If you look here https://github.com/erlang/otp/releases you'll see that - even on Jessie - 17.1 is unfortunately way behind.




Jessie is using 17.3.4 (if I am reading the version correctly), see https://packages.debian.org/jessie/erlang

17.3.4 was released on 4th of November 2014, according to the link you provided.

Jessie "freeze" happened on 5th of November ( https://lists.debian.org/debian-devel-announce/2014/11/msg00... ), so I even wonder that they are shipping that version.

In my opinion that is not "way behind".

If you need bleeding edge you should move to unstable or testing releases, move to a rolling release distribution like Arch or build your own.

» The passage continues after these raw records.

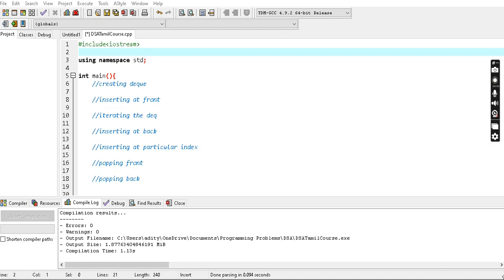Hey guys, welcome back to my channel. My name is Radhudya. In the DSA series, we are going to cover the deque in this video.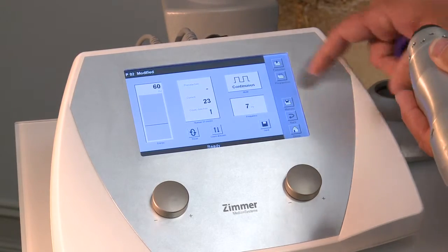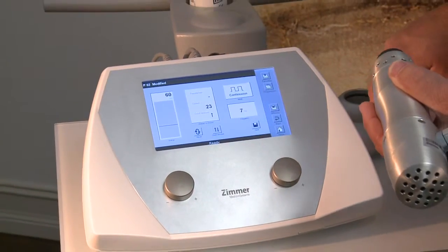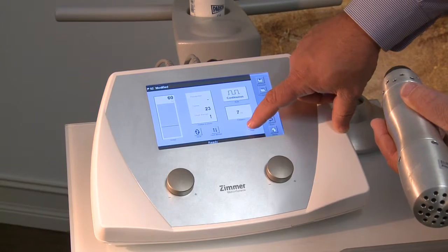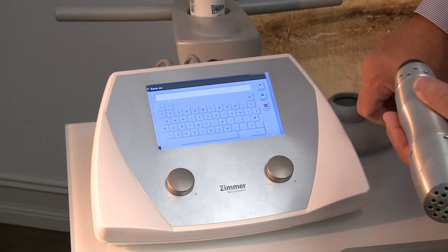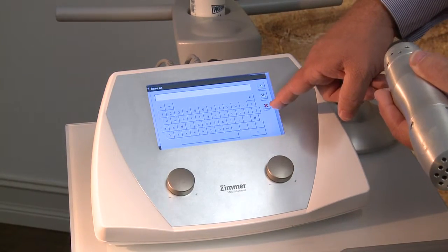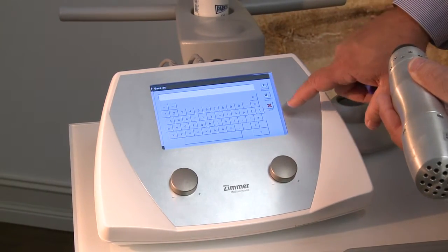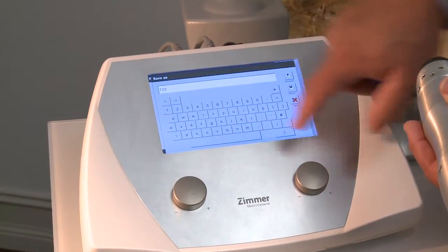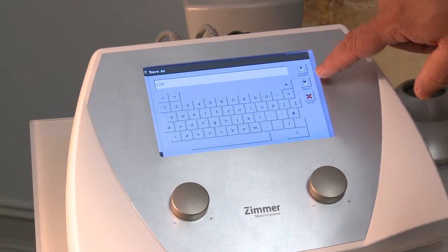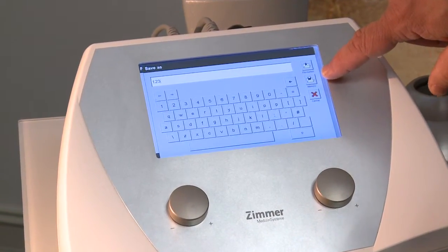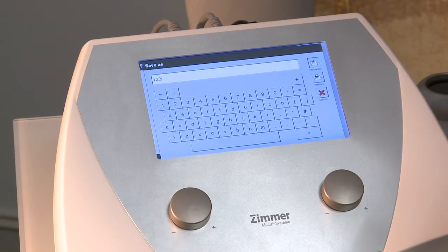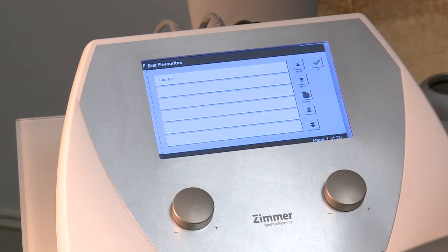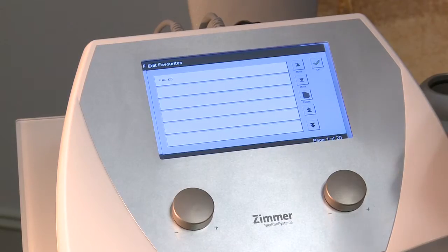If you go back to continuous mode, it simply goes continuous until you take your foot off the foot switch. At the end of the treatment, if you have a set of parameters you particularly like, you can push save, type in the name of the protocol, and put it either into your favorites or into memory for future use.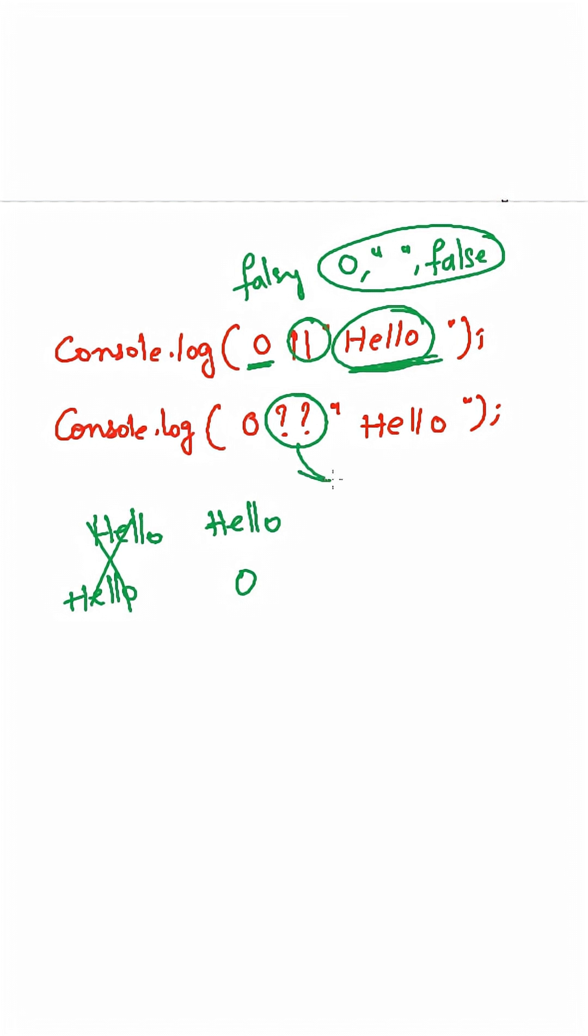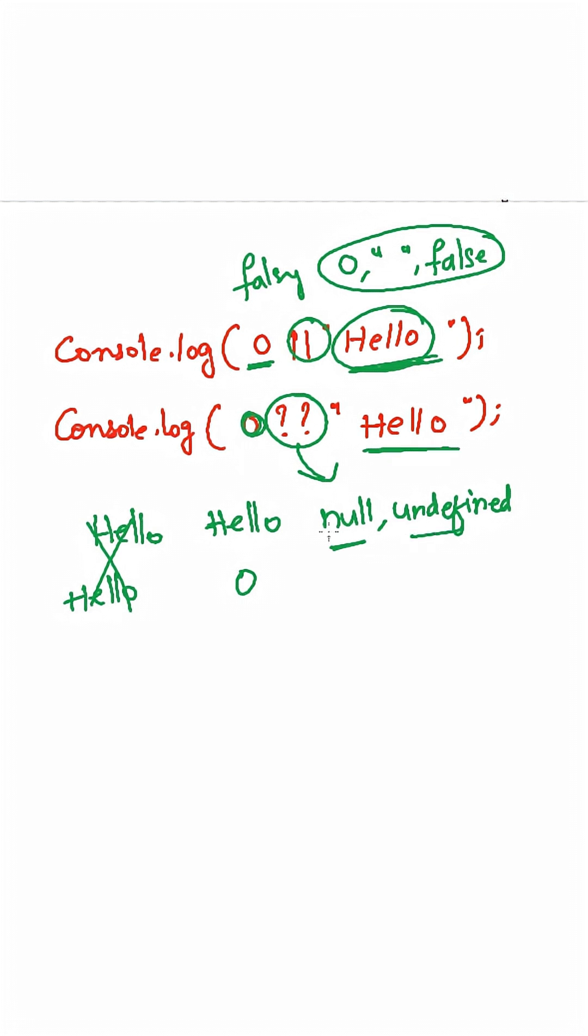Whereas the null coalescing operator will check whether the left-hand side value is null or undefined. As the left-hand side value is not null or undefined, it is zero, so it will return zero in this case. If it is null or undefined, then it will return hello.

I tried to work this out as well. It is indeed using 17.3.x but its hard to nail down which point release, as the Debian changelog doesn't mention when they pull a new upstream version (vs fixing an issue in the package itself)

I figured I would just install the package and use a -v or --version arg to get the exact build version. I cannot find any way to get a patch version out of Erlang. The `OTP_VERSION` file simply says 17.3, and the most I can get from `erl` or `erlc` is "17".


OTP_VERSION lists minor releases, so that should be a "true" 17.3.


I think this is a massive downside for Linux, and saying "use unstable" just puts the onus on the user to solve it for themselves. Stuff like PHP, MySQL/MariaDB, Postgres and Python isn't part of the OS anywhere else, but it is on Linux. Making tons of third-party userspace software part of the OS distribution causes the distribution of that software to lag behind on Linux. I don't see any reason that what version of Debian you use should lock you into a default version of Erlang, instead of simply letting a user install whatever version of Erlang they need quickly and easily. For all the bleating during the systemd flame war about how Debian and Linux is about choice, it's a very constrained form of choice.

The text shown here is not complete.